I suppose, I was taking a lazy short cut by “occupying” my living room. Perhaps my domestic occupation could be considered more “rebellious” than my “occupation” of our office at work? But seriously, even if I could spend time away from work, family, and class - I don’t think I’m strong enough to spend those long hours in Zuccotti Park wrapped in a tarp while sleeping on concrete. Which is why the protesters physically there, day-in and day-out, braving the elements, facing hecklers and police, eating donated food, are (as Chris Hedges recently noted), truly “The best among us.”
Occupy Wall Street is inspiring and should cause us all to reflect on how our lives are all oppressed under unfettered capitalism. Accordingly, not everyday has been spent lazily watching sports and sipping on drinks. I stand in solidarity with Occupy Wall Street. In fact, last weekend, I stood with thousands on the Brooklyn Bridge and watched as several hundred protesters were arrested by the NYPD. Then, this Wednesday, I walked out of The New School at 4 p.m., alongside students, staff, and teaching faculty. We marched downtown toward Foley Square, chanting, clapping, and blocking traffic. As we marched, we called out to those along the sidewalks to “join us.” Many took pictures with their iPhones, others cheered us on from open windows above, and a few glared at us over designer sunglasses from boutique sidewalk cafes in SoHo. Regardless,“We are all the 99%!” We all suffer under unfettered capitalism. Unfortunately, we currently lack the language of liberation to adequately express this fact. But we must and will.

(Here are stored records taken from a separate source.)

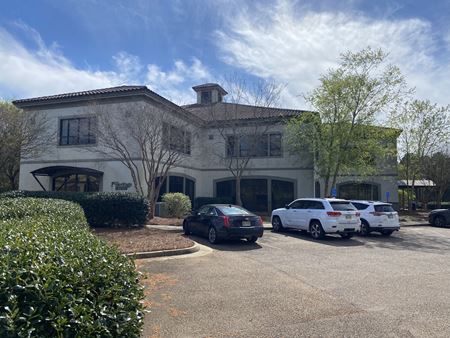 Photo of commercial space at 605 Crescent Blvd in Ridgeland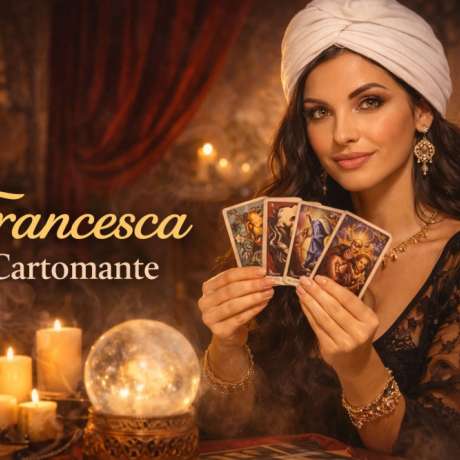 Cartomanzia LETTURA TAROCCHI A BASSO COSTO
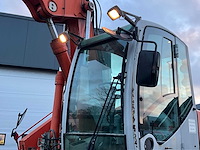 Atlas banden graafmachine - afbeelding 29 van  48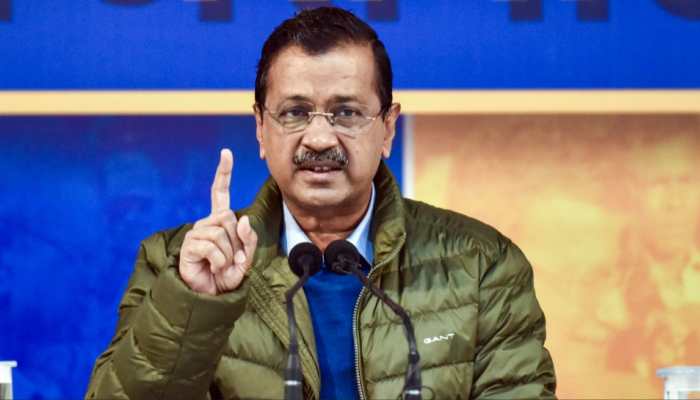 'Take Money But Don't...': Kejriwal's BIG Advice For Jhuggi Residents As He Attacks BJP In Delhi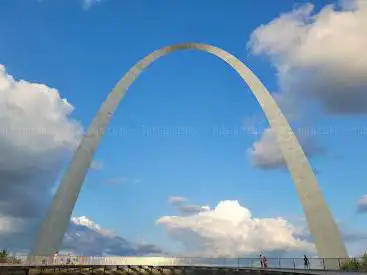 Photo de The Gateway Arch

As Occupy Wall Street moves into it’s 24th day, there are rumblings of “class war” on the talk shows. Good! Bring it on. After all, the greed heads and haters playing for the banks, corporations, and purchased politicians will soon realize we’re all moving toward a post-bureaucratic society. There is no more patience for concentrated power. The gig is up. The magical mathematical manipulation machine is about to crash and when it finally does, I know what side of history I want to be standing on.
Like most, I’m not able to physically and literally occupy Wall Street everyday; however, I’m no longer making excuses. The time for honesty is NOW. We must work to build a new system that is non-violent, non-racist, and non-hierarchical.

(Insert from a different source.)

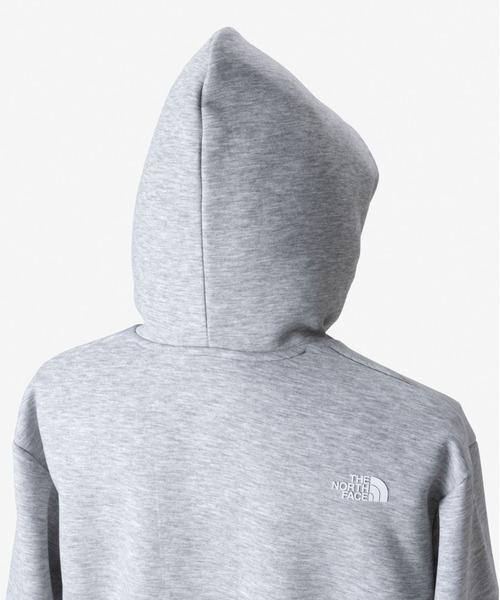 THE NORTH FACE パーカー FACE(ザ・ノース・フェイス) Tech Air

Yesterday, Slavoj Zizek asked protesters in Zuccotti Park a good question, “What social organization can replace capitalism?” Communism and socialism often only create more brutal regimes and, arguably, anarchism is too misunderstood to gather any real traction. So what might our new world look like? Perhaps this new communal environment will look something like the model evolving daily in Zuccotti Park? Certainly, we're imaginative, innovative, and intelligent enough to create a better world. Let us begin speaking this new language. Obama is right about few things, and one is his classic talking point, "change won't come over night." Obama should not only be listening, but should also stop making excuses for the banks and capitalist cronies he is too often than not in cahoots with. The Occupy Wall Street movement may only be one step toward a new social contract, but it is a big step in the right direction.

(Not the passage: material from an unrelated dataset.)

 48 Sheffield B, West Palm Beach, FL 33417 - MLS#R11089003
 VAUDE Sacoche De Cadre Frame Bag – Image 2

I selfishly and foolishly wonder if there will still be football, rock-&-roll, and beer in this post-capitalist society? I suppose there will always be these things; after all, somethings are just too fun to replace! In fact, I suppose that is the real question - can we all come together and think of new ways to enjoy life outside of and beyond capitalism? I certainly hope we can. Who knows? What I do know is that I’m relieved to hear discussions like these happening. Politics is a far more interesting "sport" than any football game! The worst case scenario is that we’ll continue blundering along the same inadequate path as before - selling out.
Zizek closed his speech by warning, “The only thing I’m afraid of is that we will someday just go home and then we will meet once a year, drinking a beer, and nostalgically remembering what a nice time we had here. Promise ourselves that this will not be the case.”
History will judge. In solidarity with the 99%. Another world is possible.